● **Problem statement**
Using the data that follows, output only the lines from the line with "Westside Gunn - Peace" up to and including the line with "of closed windows", exactly, leaving pictures aside.

● **Extracted information**
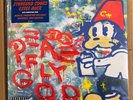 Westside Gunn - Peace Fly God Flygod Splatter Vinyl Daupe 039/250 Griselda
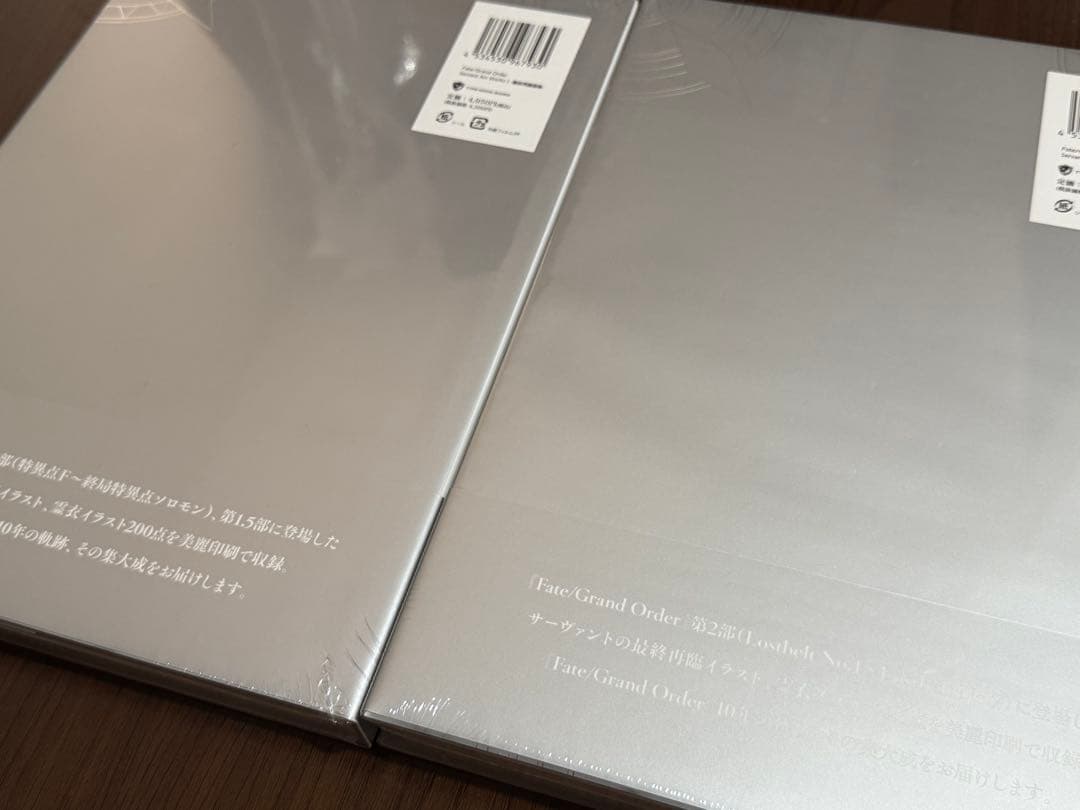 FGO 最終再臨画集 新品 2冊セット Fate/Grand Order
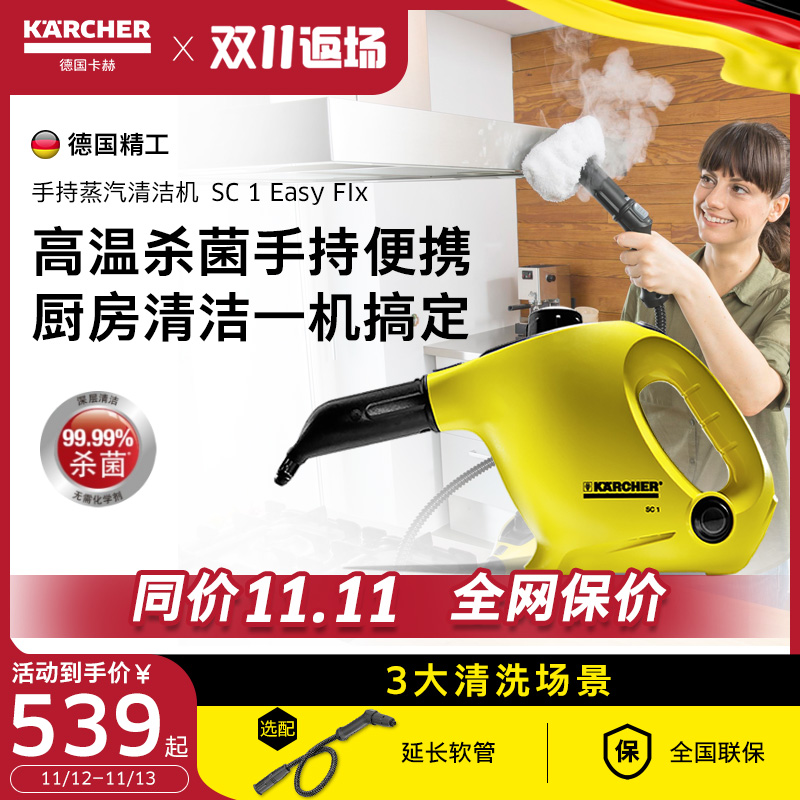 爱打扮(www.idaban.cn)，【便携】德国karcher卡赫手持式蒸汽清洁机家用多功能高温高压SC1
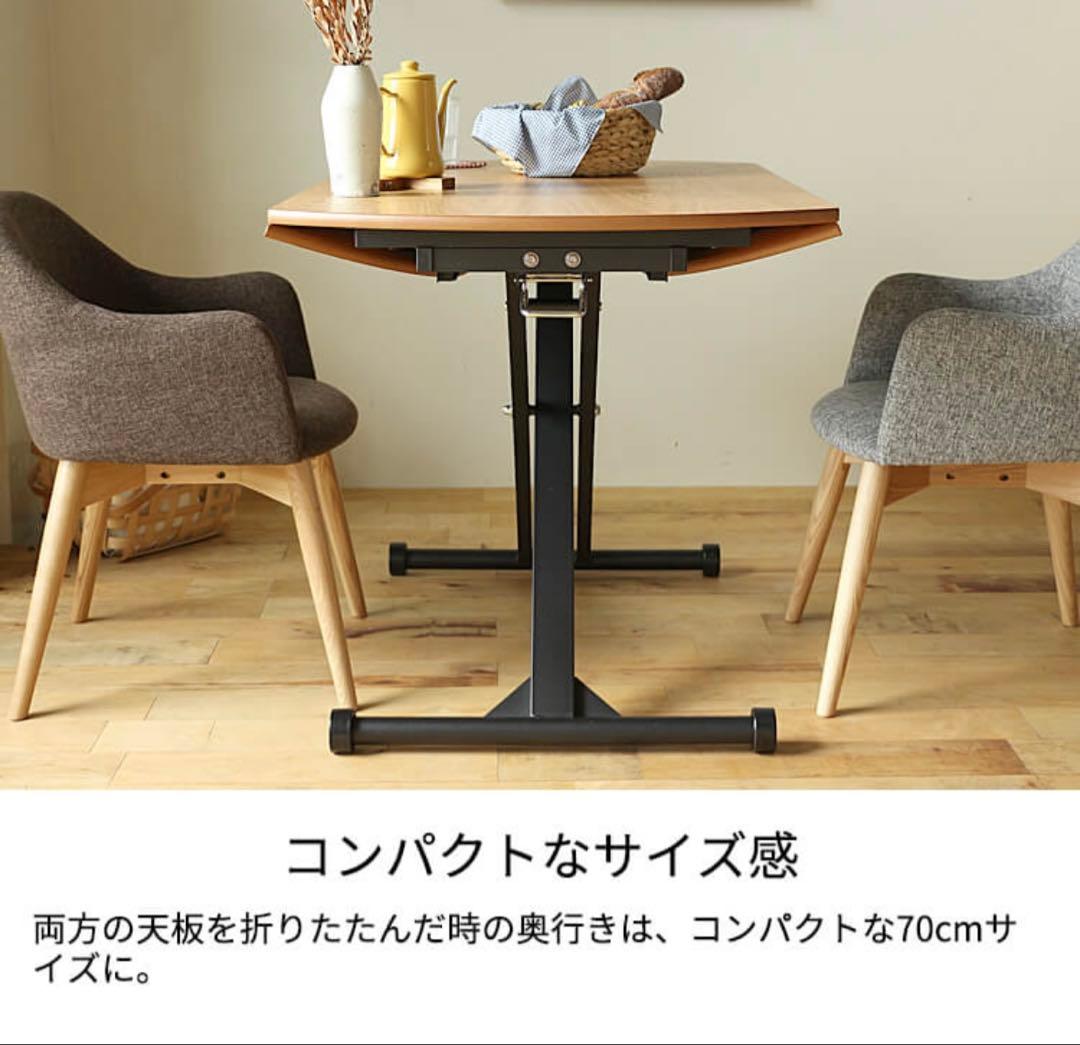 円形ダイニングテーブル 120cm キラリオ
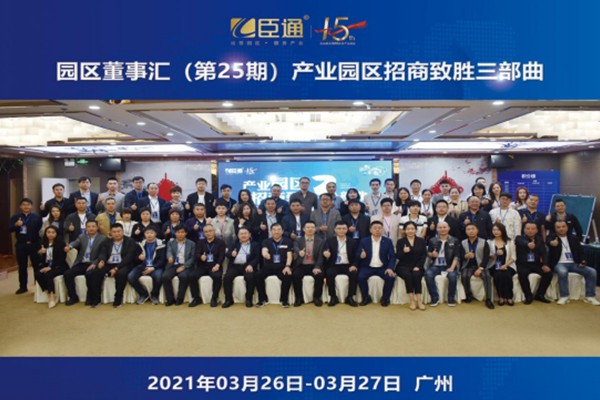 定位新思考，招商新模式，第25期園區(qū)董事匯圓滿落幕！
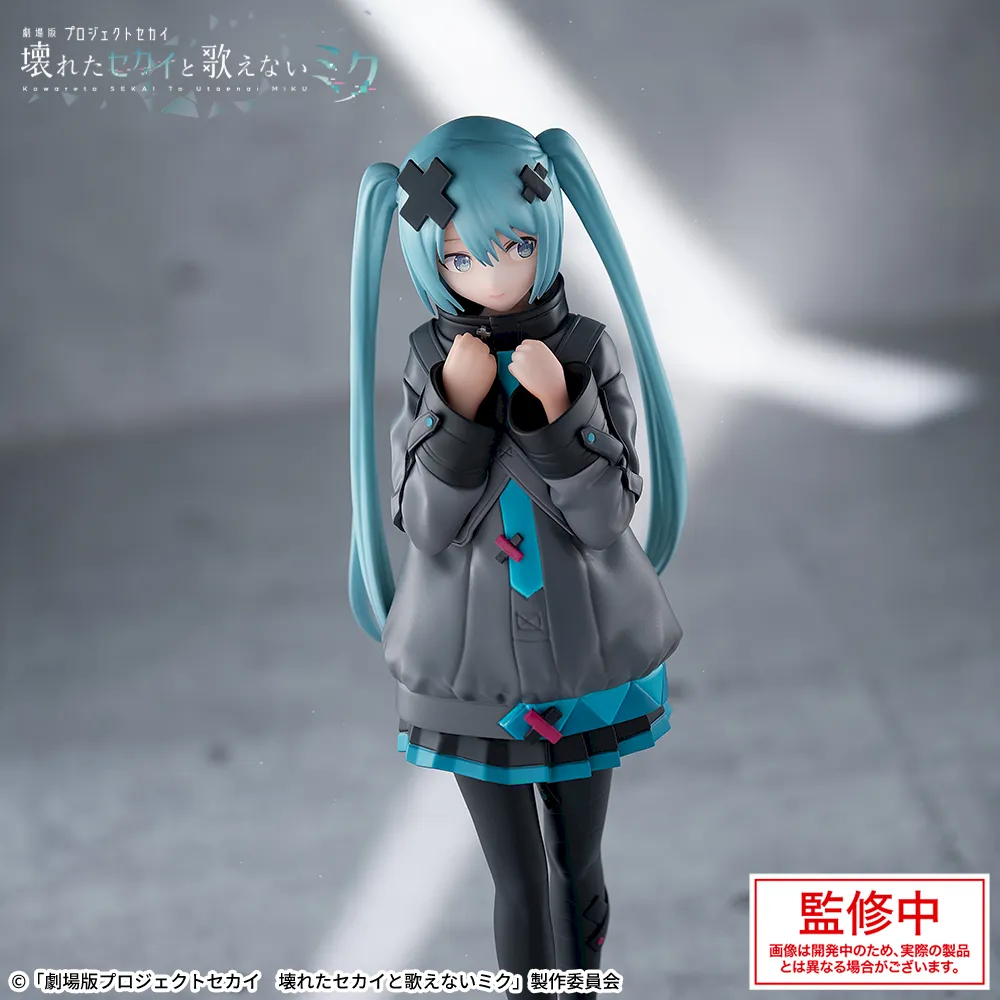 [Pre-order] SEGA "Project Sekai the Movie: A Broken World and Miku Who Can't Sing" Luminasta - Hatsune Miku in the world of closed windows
==
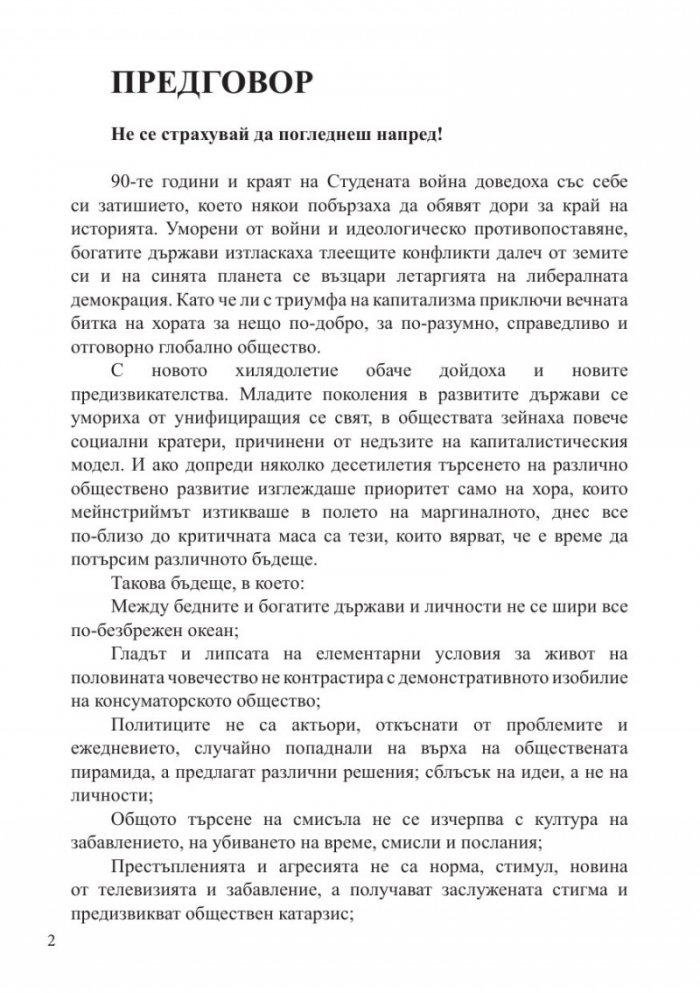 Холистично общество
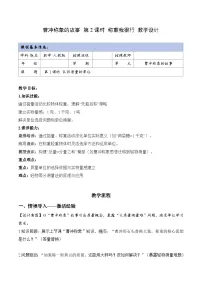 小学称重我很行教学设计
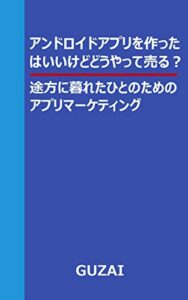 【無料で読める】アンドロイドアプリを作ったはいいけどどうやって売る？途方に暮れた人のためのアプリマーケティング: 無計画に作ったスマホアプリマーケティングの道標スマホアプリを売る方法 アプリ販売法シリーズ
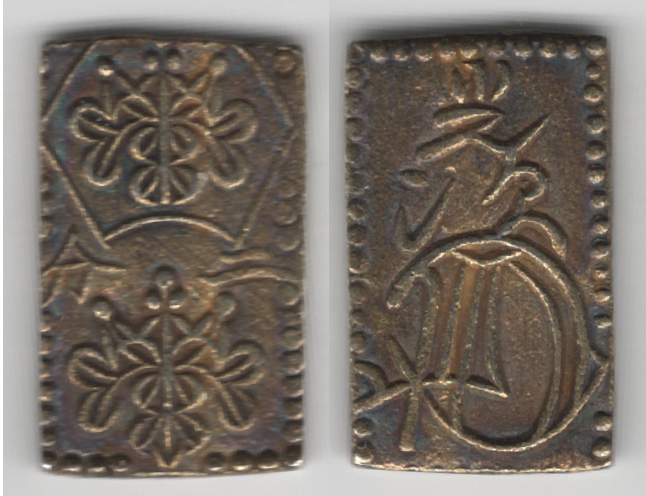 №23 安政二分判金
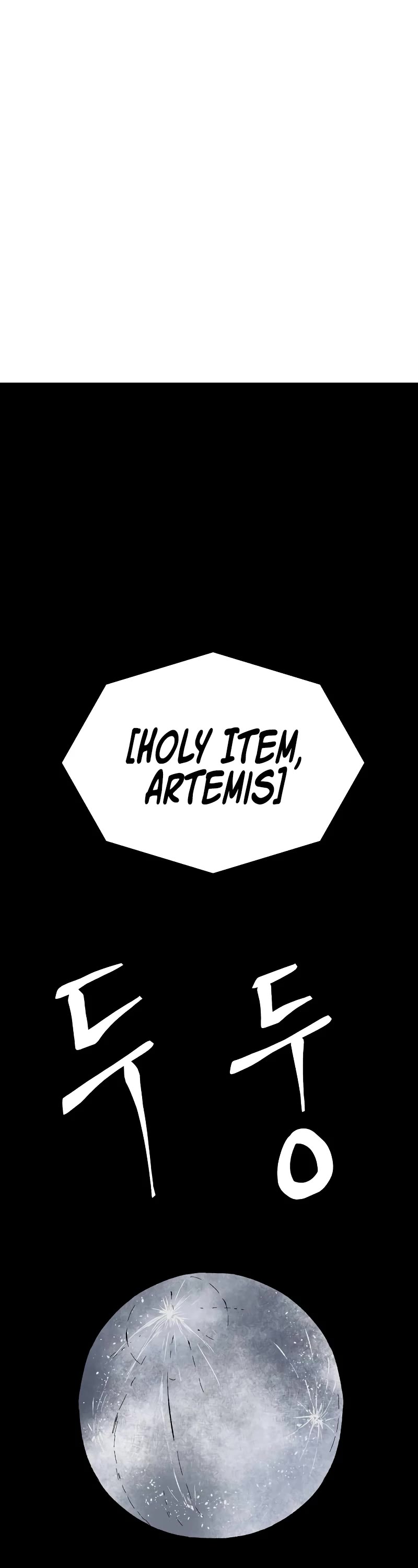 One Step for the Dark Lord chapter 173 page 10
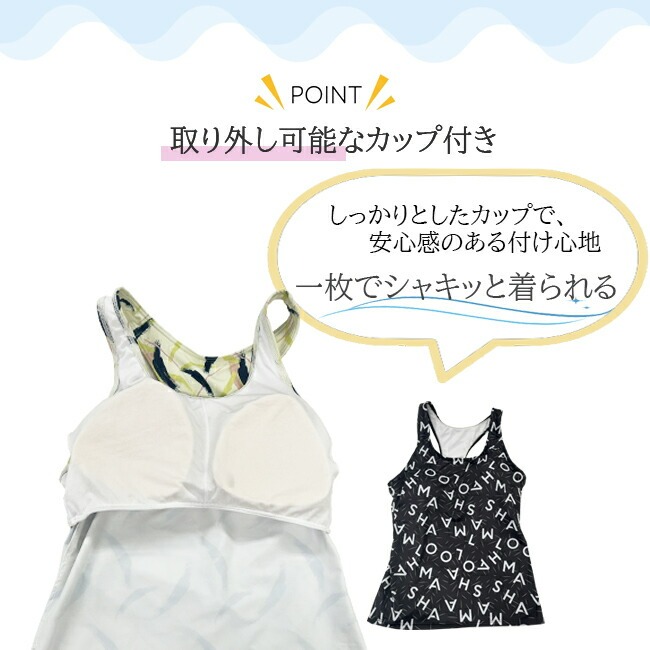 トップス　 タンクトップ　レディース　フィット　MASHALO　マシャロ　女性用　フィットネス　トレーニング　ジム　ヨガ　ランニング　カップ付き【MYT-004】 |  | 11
---
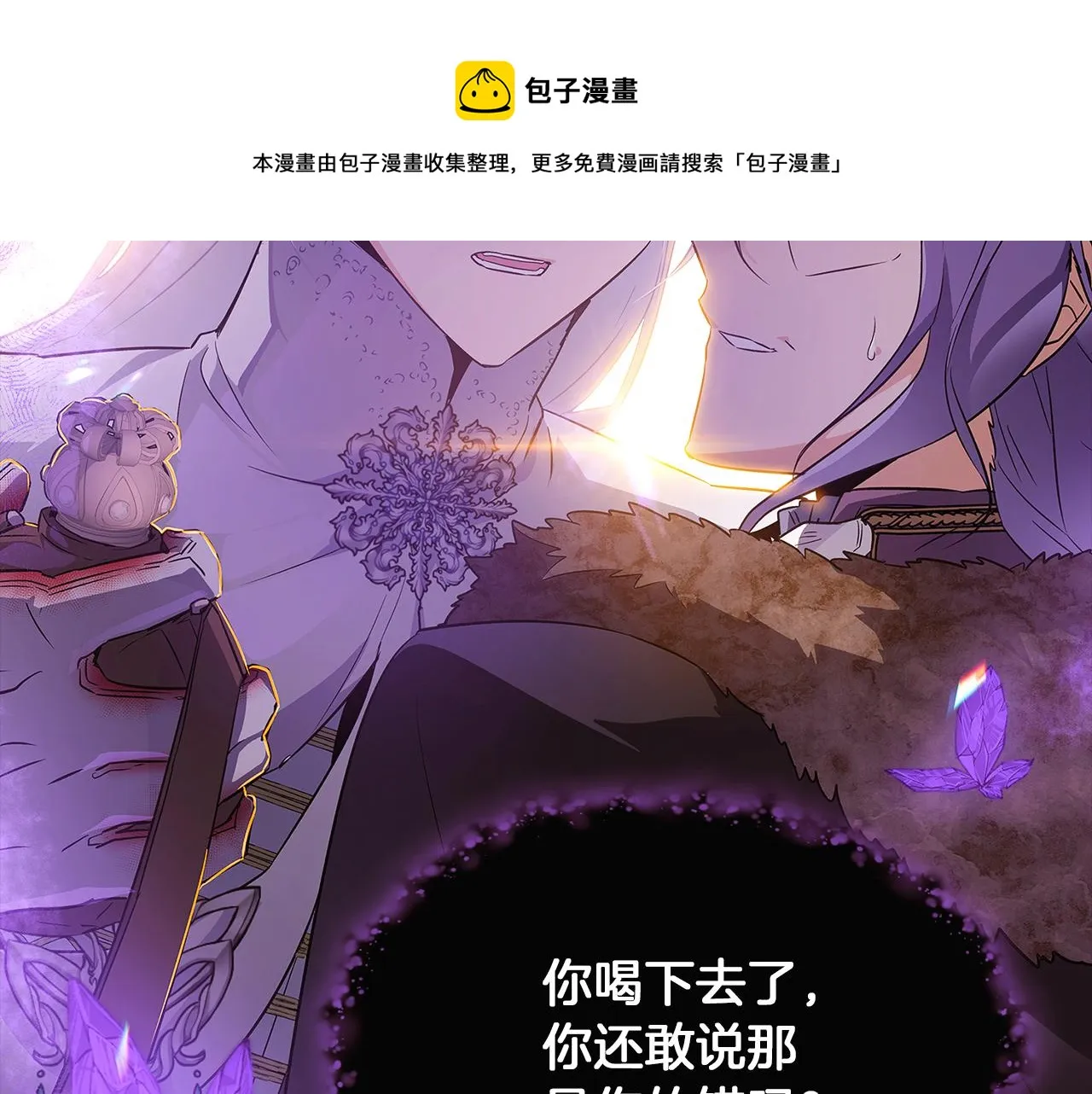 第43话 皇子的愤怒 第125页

● **Exercise response**
 Westside Gunn - Peace Fly God Flygod Splatter Vinyl Daupe 039/250 Griselda
 FGO 最終再臨画集 新品 2冊セット Fate/Grand Order
 爱打扮(www.idaban.cn)，【便携】德国karcher卡赫手持式蒸汽清洁机家用多功能高温高压SC1
 円形ダイニングテーブル 120cm キラリオ
 定位新思考，招商新模式，第25期園區(qū)董事匯圓滿落幕！
 [Pre-order] SEGA "Project Sekai the Movie: A Broken World and Miku Who Can't Sing" Luminasta - Hatsune Miku in the world of closed windows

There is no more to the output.